→ **DATASET EXTRACT**
---+---
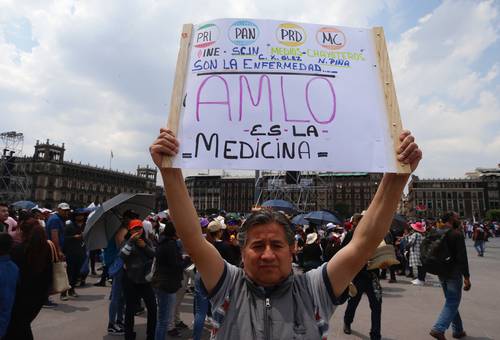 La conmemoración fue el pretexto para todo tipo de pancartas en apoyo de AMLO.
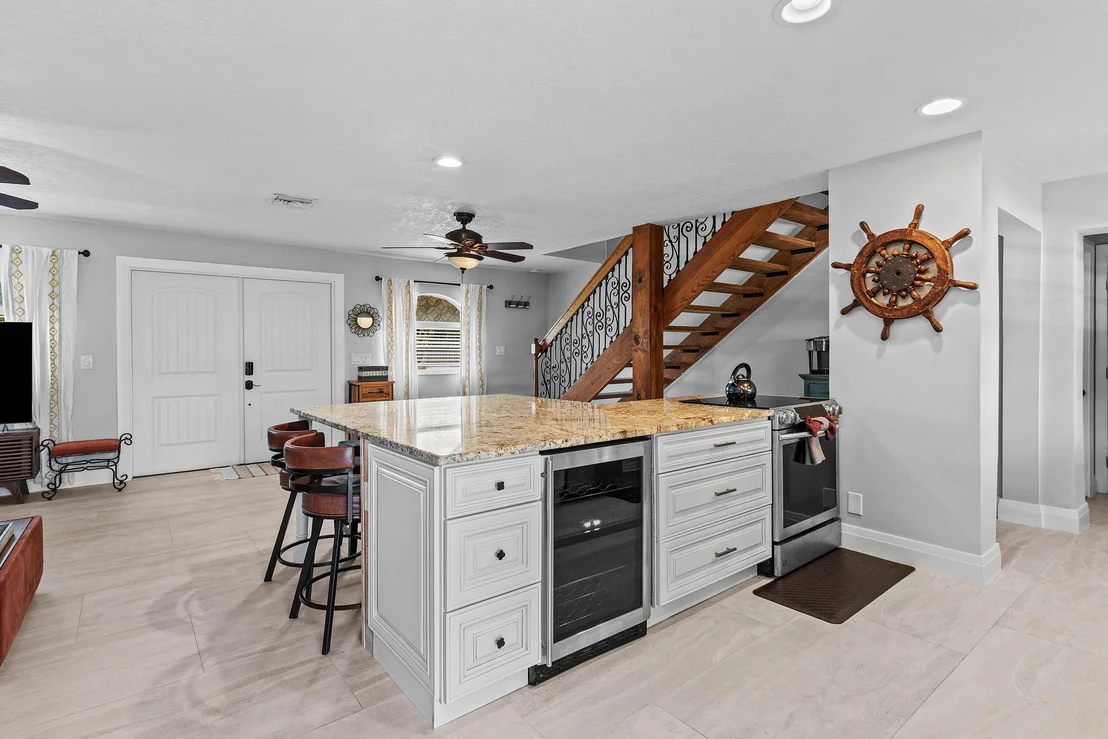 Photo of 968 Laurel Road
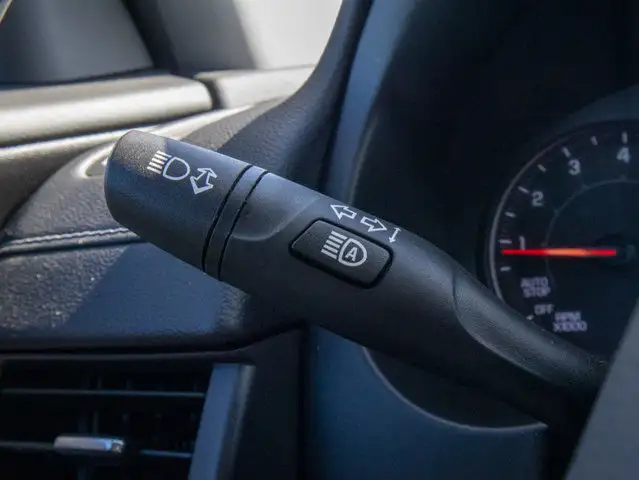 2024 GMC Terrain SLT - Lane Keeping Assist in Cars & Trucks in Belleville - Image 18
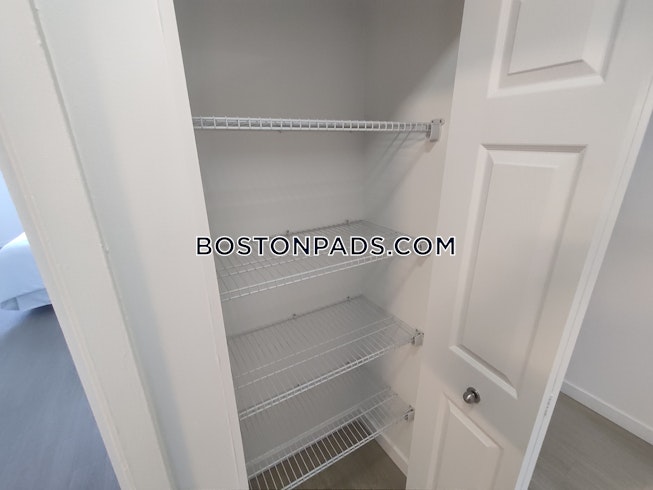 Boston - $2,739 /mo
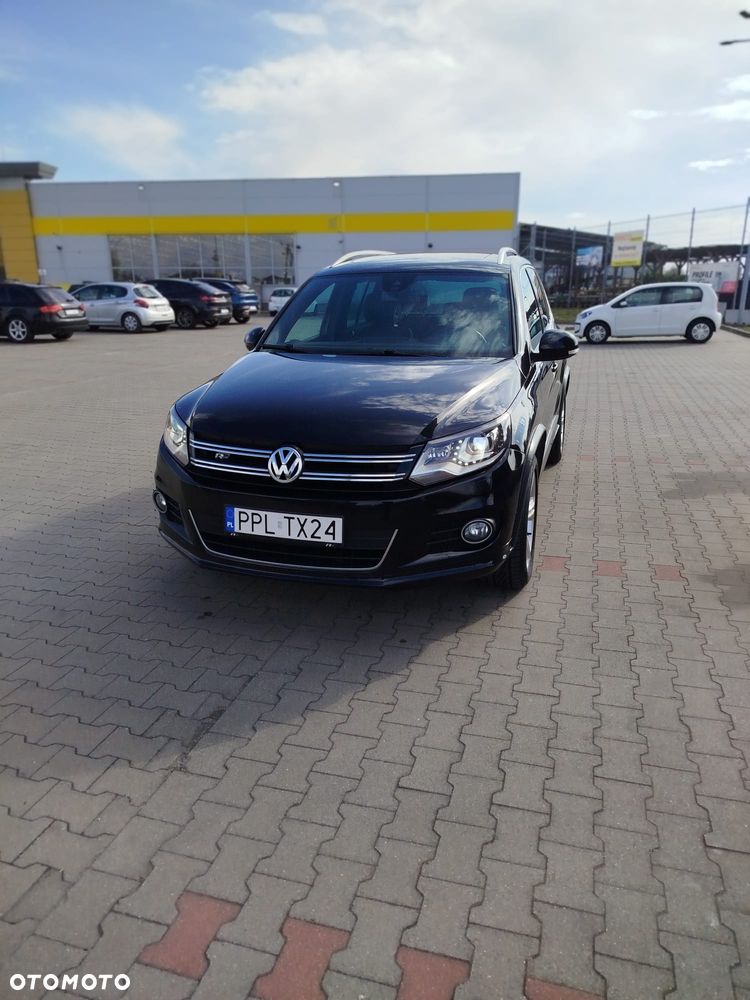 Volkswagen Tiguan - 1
---+---
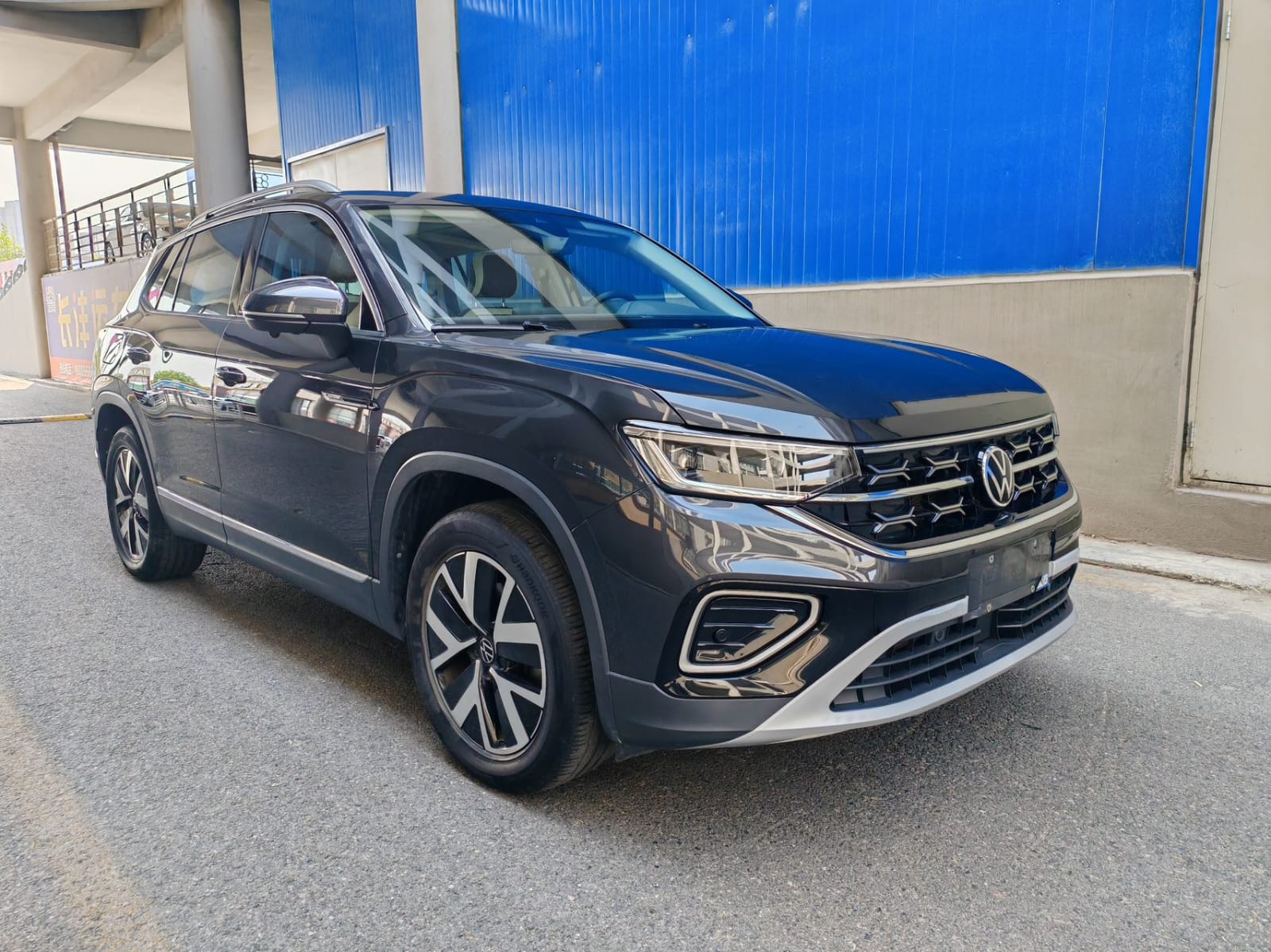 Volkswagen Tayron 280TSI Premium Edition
---+---
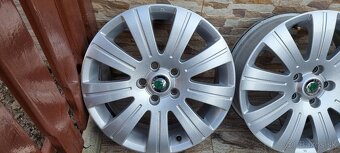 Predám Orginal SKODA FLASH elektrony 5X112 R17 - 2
---+---
→ **TASK REQUIREMENTS**
From the listing above, repeat only the lines between the line containing "La conmemoración fue" and the line containing "Volkswagen Tiguan - 1", those two included. Pictures are not part of the copy.

→ **COMPLETED TASK**
 La conmemoración fue el pretexto para todo tipo de pancartas en apoyo de AMLO.
 Photo of 968 Laurel Road
 2024 GMC Terrain SLT - Lane Keeping Assist in Cars & Trucks in Belleville - Image 18
 Boston - $2,739 /mo
 Volkswagen Tiguan - 1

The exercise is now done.